Work to complete: Would you retype, word for word, the line with "Casa de 4 habitaciones, Cuernavaca" and each line after it to the end of the entries below, leaving the pictures out?

****

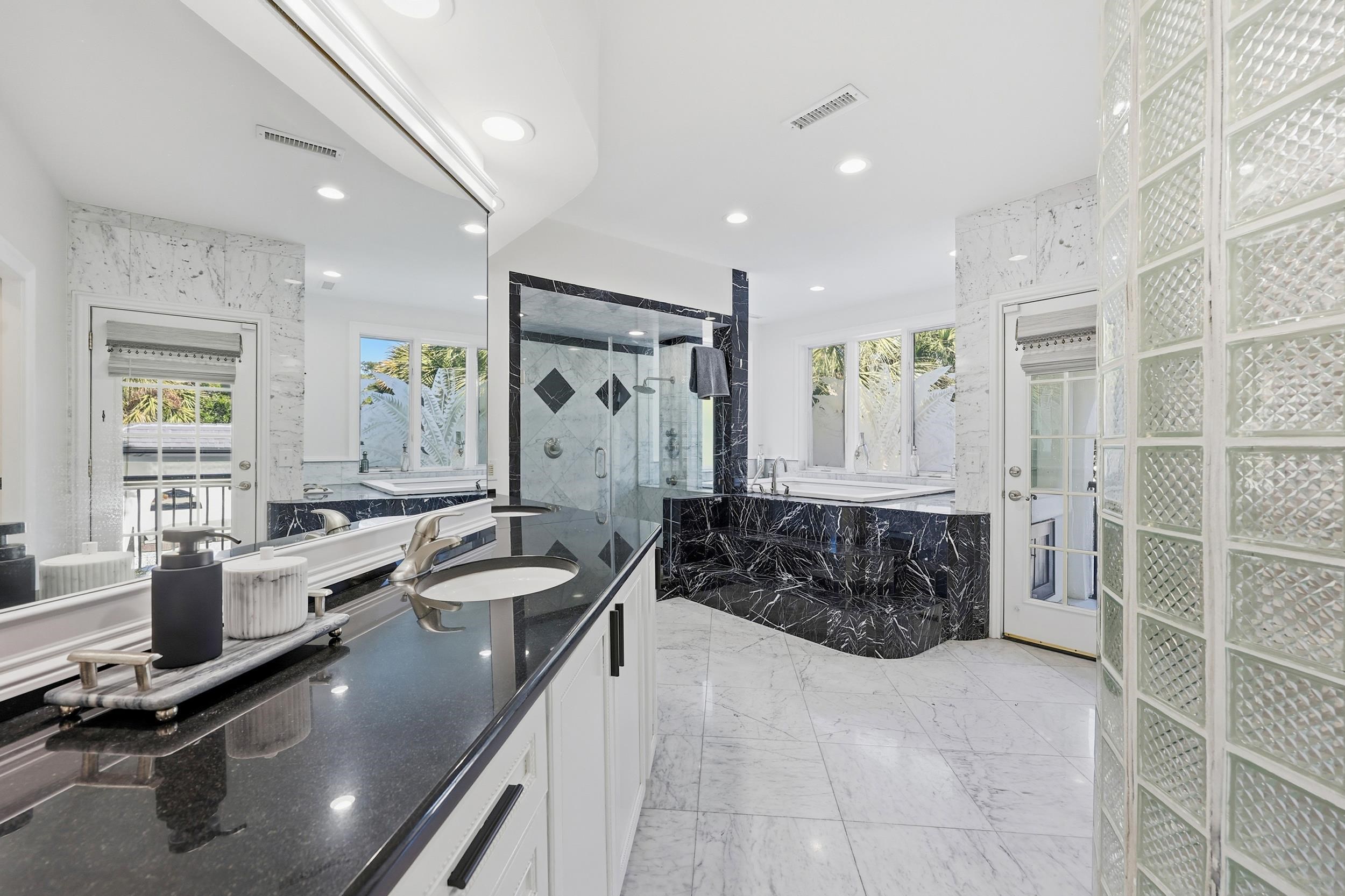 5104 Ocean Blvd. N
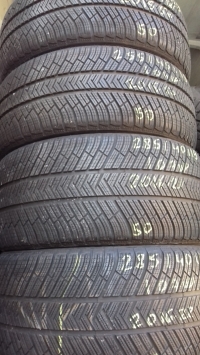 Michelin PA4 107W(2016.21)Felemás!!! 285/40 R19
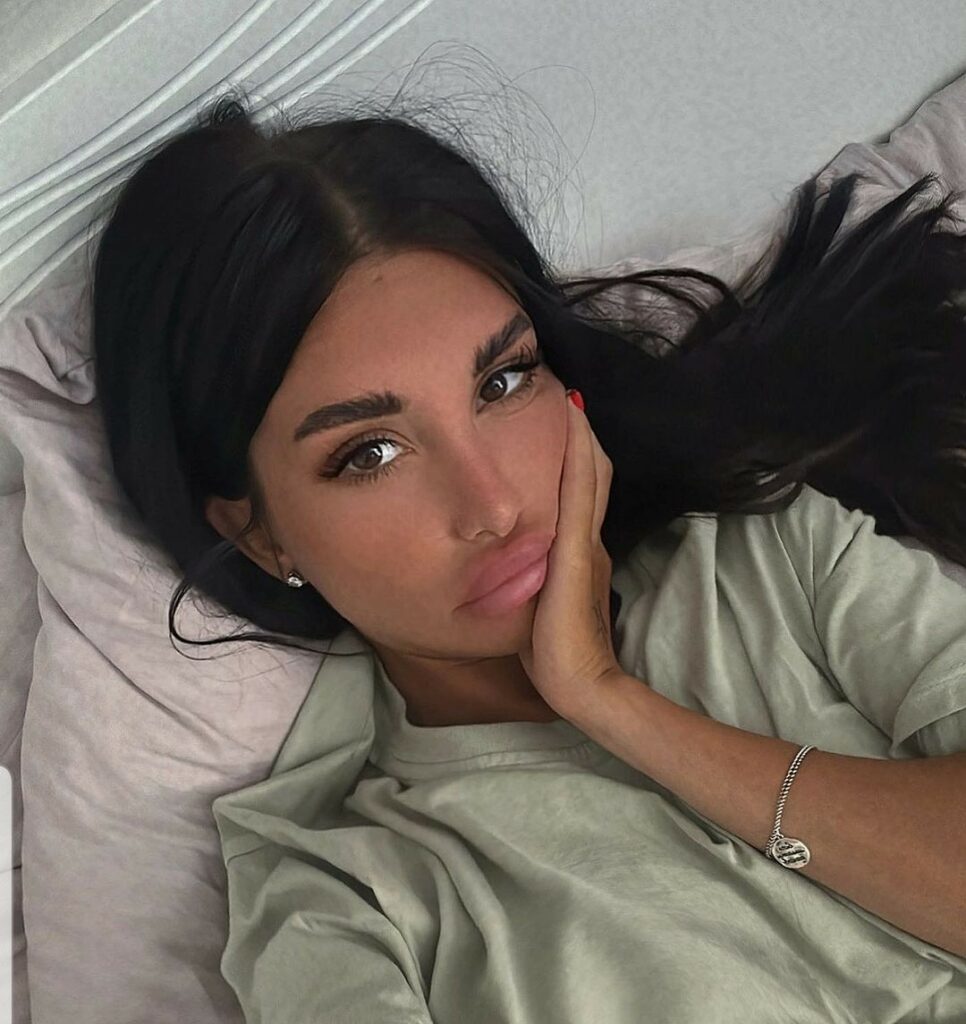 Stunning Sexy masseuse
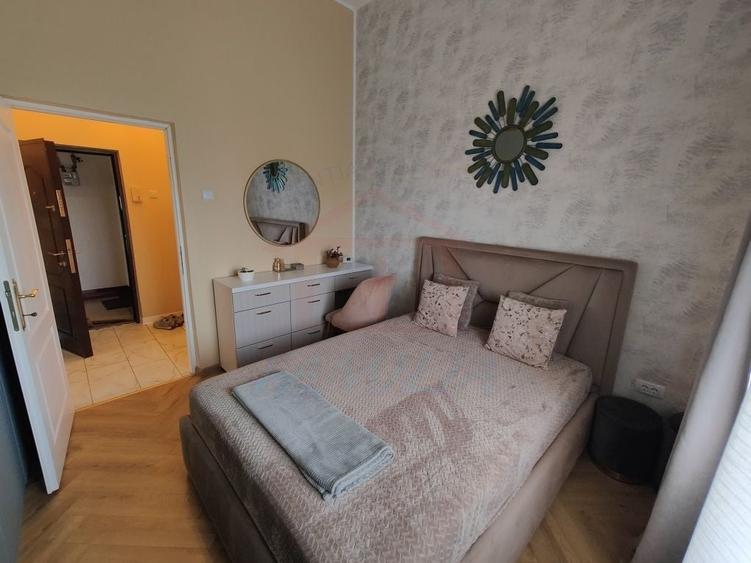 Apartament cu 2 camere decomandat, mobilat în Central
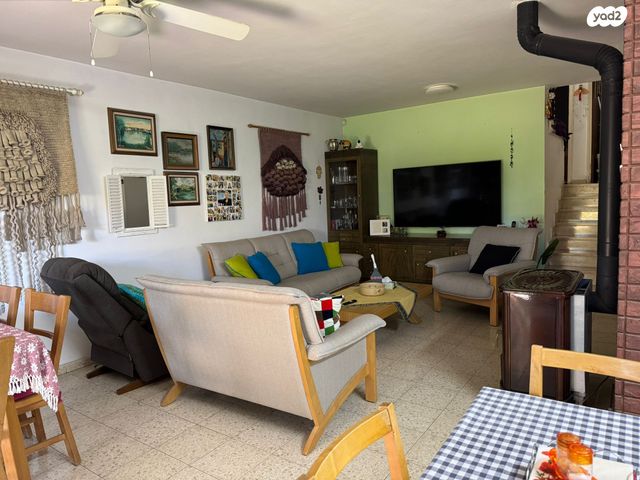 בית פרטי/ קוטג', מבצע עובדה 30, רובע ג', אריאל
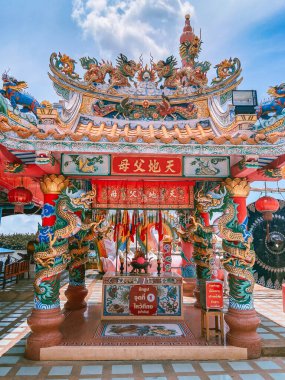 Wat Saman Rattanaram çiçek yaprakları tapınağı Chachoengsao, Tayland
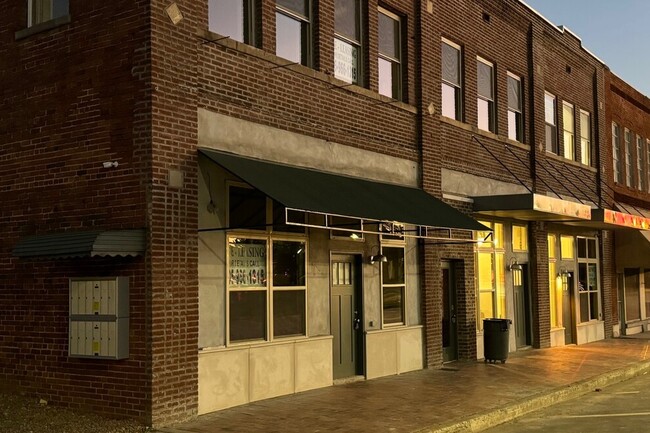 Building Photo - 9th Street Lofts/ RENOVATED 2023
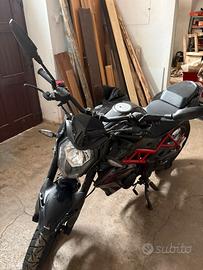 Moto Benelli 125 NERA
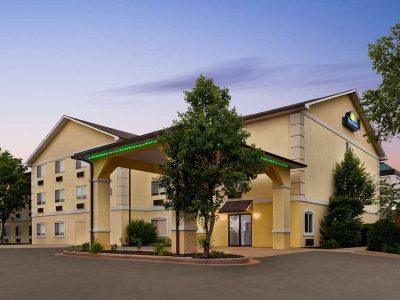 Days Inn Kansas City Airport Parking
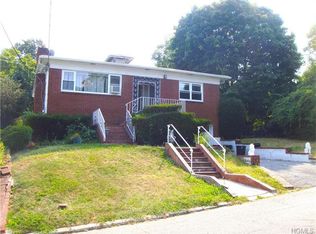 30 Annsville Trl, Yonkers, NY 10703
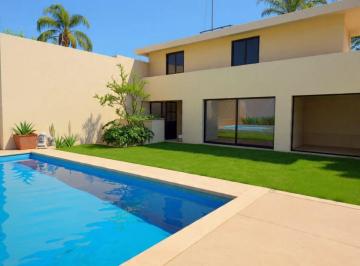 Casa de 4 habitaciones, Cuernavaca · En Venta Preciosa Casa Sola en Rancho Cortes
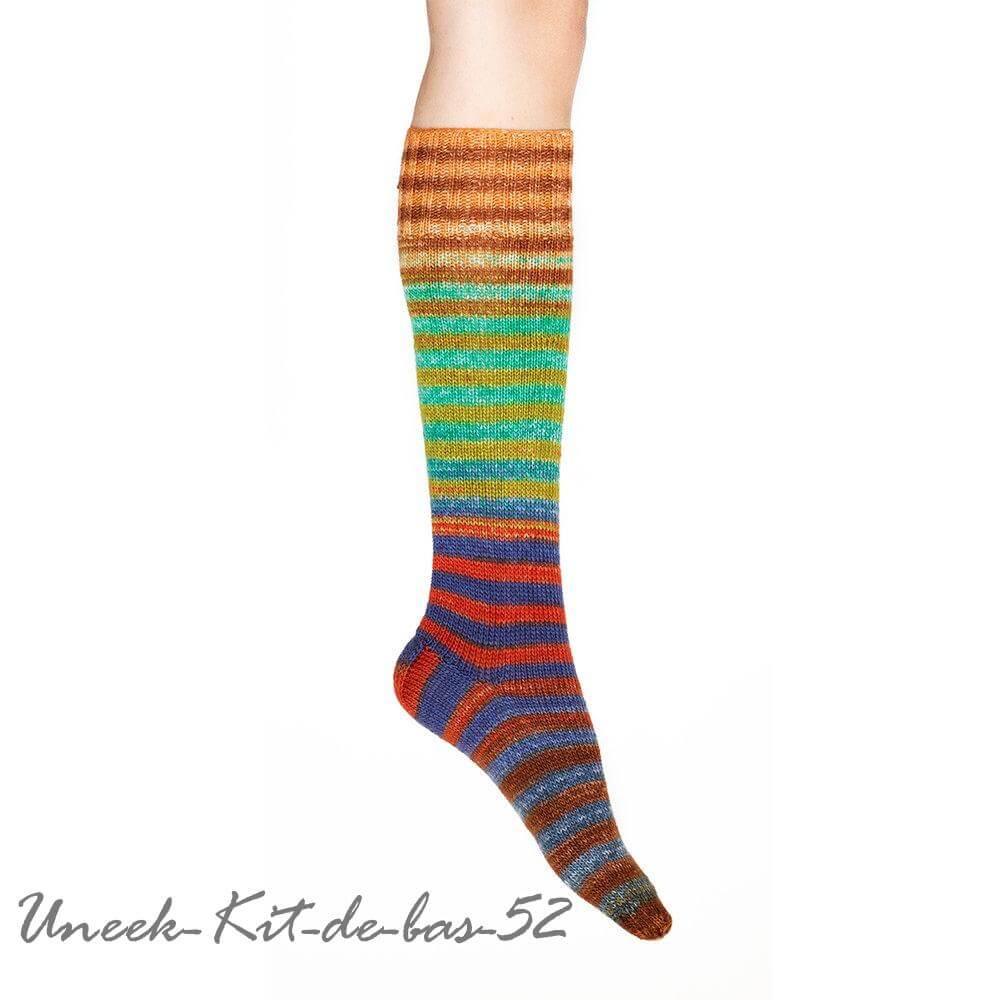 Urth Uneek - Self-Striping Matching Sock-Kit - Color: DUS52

****

Answer section:
 Casa de 4 habitaciones, Cuernavaca · En Venta Preciosa Casa Sola en Rancho Cortes
 Urth Uneek - Self-Striping Matching Sock-Kit - Color: DUS52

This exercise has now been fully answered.